» Exercise:
Restate verbatim the span of lines below between the line with "Hostal The Old House" and the line with "हलद्वानी में कर्फ्यू, दंगाइयों", including those two lines, and only that span.

» Data records:
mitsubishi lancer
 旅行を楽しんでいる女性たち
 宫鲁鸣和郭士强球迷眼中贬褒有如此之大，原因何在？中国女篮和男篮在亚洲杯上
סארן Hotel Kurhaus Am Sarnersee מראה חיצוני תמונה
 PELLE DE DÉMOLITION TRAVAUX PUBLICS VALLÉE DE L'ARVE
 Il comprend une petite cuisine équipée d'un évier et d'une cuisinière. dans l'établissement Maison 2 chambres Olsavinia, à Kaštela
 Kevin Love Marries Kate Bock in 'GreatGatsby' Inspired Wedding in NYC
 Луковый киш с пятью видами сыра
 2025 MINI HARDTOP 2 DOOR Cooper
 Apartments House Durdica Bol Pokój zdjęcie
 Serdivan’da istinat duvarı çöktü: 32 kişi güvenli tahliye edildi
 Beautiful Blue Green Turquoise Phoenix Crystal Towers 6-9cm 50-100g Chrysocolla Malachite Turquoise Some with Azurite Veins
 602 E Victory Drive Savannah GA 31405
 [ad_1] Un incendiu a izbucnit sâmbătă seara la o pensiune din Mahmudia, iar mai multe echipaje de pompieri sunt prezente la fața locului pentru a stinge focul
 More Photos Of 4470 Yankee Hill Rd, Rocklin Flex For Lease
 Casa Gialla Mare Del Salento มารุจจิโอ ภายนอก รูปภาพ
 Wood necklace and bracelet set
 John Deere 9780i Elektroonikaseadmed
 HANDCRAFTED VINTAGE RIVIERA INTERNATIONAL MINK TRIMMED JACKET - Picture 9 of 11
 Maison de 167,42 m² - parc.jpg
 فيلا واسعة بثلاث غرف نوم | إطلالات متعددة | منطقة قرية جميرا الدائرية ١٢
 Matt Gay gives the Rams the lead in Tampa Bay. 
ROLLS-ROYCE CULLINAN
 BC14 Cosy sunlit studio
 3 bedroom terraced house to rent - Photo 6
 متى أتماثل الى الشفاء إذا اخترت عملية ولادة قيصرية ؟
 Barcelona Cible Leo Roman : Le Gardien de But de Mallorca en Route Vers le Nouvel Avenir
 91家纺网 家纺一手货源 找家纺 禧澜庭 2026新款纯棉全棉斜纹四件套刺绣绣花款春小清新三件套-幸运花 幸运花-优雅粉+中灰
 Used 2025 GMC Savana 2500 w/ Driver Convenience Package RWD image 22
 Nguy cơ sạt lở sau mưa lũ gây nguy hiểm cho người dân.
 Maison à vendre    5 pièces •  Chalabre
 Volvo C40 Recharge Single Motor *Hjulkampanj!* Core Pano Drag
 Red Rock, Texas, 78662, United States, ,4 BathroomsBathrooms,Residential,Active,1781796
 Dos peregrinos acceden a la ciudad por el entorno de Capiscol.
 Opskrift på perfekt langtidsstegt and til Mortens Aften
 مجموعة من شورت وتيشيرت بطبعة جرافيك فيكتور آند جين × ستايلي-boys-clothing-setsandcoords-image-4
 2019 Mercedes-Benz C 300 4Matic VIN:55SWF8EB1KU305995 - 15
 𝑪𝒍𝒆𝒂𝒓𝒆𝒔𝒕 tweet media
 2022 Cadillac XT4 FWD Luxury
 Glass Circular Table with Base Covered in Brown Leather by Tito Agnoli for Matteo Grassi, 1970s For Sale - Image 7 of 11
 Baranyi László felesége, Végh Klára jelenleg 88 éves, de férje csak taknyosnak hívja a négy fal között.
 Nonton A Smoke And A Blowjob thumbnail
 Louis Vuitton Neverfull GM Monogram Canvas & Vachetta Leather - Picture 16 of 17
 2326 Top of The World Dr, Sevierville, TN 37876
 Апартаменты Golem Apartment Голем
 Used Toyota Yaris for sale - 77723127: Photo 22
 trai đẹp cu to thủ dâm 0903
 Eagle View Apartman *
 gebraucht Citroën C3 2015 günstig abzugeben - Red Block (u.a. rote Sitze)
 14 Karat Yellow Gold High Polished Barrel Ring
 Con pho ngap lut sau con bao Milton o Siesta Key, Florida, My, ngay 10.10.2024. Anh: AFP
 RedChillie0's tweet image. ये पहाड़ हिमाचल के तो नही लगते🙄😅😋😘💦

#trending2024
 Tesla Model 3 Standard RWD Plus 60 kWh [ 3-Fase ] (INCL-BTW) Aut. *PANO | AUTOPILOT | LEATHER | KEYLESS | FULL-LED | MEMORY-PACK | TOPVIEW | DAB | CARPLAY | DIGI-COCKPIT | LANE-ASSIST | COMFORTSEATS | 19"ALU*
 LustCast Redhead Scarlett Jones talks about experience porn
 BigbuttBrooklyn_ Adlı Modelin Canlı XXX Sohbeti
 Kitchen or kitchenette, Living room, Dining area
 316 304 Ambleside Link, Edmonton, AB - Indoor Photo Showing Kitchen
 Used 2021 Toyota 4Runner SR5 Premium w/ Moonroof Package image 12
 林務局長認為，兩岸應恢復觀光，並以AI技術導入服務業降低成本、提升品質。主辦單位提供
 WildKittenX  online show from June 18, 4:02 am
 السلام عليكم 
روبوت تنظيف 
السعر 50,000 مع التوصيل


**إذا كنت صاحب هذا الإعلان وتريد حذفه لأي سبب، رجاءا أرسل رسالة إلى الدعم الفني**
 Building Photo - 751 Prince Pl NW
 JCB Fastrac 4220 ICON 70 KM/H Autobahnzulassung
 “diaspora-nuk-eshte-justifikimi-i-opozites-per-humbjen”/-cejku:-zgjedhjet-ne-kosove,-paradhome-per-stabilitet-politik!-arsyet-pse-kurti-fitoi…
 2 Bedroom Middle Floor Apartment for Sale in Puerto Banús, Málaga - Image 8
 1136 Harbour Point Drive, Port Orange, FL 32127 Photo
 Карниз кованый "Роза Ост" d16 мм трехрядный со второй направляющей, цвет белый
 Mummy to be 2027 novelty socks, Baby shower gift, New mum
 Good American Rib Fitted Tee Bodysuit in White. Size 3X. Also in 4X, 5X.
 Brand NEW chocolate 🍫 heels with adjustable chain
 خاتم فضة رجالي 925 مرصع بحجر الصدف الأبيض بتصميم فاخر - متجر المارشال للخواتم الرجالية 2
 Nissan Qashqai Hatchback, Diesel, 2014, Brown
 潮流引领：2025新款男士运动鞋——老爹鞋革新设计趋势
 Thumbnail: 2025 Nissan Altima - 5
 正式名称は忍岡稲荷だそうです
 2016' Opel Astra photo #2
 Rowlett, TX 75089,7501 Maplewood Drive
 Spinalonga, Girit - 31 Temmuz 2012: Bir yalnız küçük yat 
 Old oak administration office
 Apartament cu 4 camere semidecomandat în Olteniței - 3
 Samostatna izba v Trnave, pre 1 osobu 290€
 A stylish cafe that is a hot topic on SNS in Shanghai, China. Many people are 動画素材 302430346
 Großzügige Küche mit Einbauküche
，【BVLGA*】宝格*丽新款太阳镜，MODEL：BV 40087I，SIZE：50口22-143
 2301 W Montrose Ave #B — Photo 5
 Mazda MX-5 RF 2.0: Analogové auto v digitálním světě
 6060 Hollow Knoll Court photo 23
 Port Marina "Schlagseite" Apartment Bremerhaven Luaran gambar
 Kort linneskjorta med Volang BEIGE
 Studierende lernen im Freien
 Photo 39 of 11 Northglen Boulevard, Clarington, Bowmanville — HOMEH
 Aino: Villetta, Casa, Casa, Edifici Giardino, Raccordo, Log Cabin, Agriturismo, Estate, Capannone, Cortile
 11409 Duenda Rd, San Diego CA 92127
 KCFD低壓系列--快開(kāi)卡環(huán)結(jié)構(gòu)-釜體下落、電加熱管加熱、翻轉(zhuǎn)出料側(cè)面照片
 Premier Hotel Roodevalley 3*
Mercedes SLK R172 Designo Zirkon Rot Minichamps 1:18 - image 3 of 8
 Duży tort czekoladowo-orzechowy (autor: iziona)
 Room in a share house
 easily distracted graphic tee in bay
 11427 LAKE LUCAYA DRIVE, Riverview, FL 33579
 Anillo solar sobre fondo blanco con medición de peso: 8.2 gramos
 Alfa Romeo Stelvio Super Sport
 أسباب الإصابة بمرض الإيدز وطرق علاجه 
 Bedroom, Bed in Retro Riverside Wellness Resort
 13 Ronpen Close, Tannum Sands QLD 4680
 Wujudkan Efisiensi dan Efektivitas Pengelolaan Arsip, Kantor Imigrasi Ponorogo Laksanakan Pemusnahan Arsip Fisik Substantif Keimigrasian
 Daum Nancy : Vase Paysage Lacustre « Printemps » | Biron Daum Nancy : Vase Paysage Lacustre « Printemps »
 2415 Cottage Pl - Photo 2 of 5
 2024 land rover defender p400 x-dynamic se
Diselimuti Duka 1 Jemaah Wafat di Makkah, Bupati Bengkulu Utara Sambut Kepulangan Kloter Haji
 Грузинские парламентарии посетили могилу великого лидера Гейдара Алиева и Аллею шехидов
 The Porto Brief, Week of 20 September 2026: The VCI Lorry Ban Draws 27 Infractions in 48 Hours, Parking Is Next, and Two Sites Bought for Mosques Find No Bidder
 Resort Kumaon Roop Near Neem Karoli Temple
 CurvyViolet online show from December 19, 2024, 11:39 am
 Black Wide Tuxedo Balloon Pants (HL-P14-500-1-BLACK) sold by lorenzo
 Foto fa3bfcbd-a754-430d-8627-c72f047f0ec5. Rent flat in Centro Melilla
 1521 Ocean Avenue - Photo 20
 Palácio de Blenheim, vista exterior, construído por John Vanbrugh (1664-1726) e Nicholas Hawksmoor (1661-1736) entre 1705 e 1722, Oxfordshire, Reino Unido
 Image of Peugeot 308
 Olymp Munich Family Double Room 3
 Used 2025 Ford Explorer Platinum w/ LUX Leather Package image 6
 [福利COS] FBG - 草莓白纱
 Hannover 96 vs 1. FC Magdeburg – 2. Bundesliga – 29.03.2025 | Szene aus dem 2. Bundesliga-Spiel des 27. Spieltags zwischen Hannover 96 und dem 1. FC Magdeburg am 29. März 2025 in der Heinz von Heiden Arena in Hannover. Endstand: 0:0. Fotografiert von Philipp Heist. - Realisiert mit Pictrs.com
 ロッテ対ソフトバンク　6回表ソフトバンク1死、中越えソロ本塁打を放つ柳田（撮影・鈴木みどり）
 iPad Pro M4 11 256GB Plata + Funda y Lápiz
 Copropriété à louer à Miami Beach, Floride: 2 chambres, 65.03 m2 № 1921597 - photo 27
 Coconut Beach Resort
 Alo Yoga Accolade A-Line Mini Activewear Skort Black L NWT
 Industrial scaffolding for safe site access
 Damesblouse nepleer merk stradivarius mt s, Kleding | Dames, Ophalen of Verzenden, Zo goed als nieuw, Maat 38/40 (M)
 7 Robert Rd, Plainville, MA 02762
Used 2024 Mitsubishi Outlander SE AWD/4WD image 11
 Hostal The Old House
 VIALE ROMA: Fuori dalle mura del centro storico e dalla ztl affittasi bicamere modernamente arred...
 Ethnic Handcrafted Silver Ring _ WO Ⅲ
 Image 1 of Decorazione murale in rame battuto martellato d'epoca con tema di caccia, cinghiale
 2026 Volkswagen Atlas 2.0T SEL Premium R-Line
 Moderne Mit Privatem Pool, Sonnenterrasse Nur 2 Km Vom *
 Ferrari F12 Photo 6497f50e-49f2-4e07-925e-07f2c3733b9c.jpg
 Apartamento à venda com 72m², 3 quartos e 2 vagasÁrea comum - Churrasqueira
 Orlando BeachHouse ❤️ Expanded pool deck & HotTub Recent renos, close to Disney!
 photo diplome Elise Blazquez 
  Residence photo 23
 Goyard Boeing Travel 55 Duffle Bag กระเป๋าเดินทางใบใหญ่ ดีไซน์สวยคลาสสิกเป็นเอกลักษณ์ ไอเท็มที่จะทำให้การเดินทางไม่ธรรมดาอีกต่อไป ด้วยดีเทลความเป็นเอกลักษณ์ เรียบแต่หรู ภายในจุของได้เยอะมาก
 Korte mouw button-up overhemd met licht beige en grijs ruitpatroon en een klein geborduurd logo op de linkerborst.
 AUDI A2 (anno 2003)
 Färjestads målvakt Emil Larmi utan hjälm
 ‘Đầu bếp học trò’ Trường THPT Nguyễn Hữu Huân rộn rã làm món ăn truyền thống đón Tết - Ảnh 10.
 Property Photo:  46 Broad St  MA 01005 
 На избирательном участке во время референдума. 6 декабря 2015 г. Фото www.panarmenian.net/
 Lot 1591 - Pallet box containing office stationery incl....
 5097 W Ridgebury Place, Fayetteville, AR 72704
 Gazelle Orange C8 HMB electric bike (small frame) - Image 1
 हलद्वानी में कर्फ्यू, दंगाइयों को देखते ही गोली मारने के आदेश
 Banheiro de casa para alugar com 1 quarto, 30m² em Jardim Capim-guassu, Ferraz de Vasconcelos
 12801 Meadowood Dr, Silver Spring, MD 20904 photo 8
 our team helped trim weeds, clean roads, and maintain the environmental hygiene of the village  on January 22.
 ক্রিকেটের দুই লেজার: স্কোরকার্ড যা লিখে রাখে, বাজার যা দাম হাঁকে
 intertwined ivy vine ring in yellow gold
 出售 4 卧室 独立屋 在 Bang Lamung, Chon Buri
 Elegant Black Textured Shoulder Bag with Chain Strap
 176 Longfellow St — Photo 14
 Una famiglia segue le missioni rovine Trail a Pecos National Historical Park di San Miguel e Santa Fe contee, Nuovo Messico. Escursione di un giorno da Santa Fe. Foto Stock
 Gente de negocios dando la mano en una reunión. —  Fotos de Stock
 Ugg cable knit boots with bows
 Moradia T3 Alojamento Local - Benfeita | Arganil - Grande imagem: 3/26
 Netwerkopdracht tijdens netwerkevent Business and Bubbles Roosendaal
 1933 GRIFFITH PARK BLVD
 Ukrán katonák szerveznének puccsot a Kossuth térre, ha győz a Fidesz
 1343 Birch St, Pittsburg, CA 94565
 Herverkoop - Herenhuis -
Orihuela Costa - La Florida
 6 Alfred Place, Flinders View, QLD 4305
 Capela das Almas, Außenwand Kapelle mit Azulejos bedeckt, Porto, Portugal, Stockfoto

» Expected answer:
 Hostal The Old House
 VIALE ROMA: Fuori dalle mura del centro storico e dalla ztl affittasi bicamere modernamente arred...
 Ethnic Handcrafted Silver Ring _ WO Ⅲ
 Image 1 of Decorazione murale in rame battuto martellato d'epoca con tema di caccia, cinghiale
 2026 Volkswagen Atlas 2.0T SEL Premium R-Line
 Moderne Mit Privatem Pool, Sonnenterrasse Nur 2 Km Vom *
 Ferrari F12 Photo 6497f50e-49f2-4e07-925e-07f2c3733b9c.jpg
 Apartamento à venda com 72m², 3 quartos e 2 vagasÁrea comum - Churrasqueira
 Orlando BeachHouse ❤️ Expanded pool deck & HotTub Recent renos, close to Disney!
 photo diplome Elise Blazquez 
  Residence photo 23
 Goyard Boeing Travel 55 Duffle Bag กระเป๋าเดินทางใบใหญ่ ดีไซน์สวยคลาสสิกเป็นเอกลักษณ์ ไอเท็มที่จะทำให้การเดินทางไม่ธรรมดาอีกต่อไป ด้วยดีเทลความเป็นเอกลักษณ์ เรียบแต่หรู ภายในจุของได้เยอะมาก
 Korte mouw button-up overhemd met licht beige en grijs ruitpatroon en een klein geborduurd logo op de linkerborst.
 AUDI A2 (anno 2003)
 Färjestads målvakt Emil Larmi utan hjälm
 ‘Đầu bếp học trò’ Trường THPT Nguyễn Hữu Huân rộn rã làm món ăn truyền thống đón Tết - Ảnh 10.
 Property Photo:  46 Broad St  MA 01005 
 На избирательном участке во время референдума. 6 декабря 2015 г. Фото www.panarmenian.net/
 Lot 1591 - Pallet box containing office stationery incl....
 5097 W Ridgebury Place, Fayetteville, AR 72704
 Gazelle Orange C8 HMB electric bike (small frame) - Image 1
 हलद्वानी में कर्फ्यू, दंगाइयों को देखते ही गोली मारने के आदेश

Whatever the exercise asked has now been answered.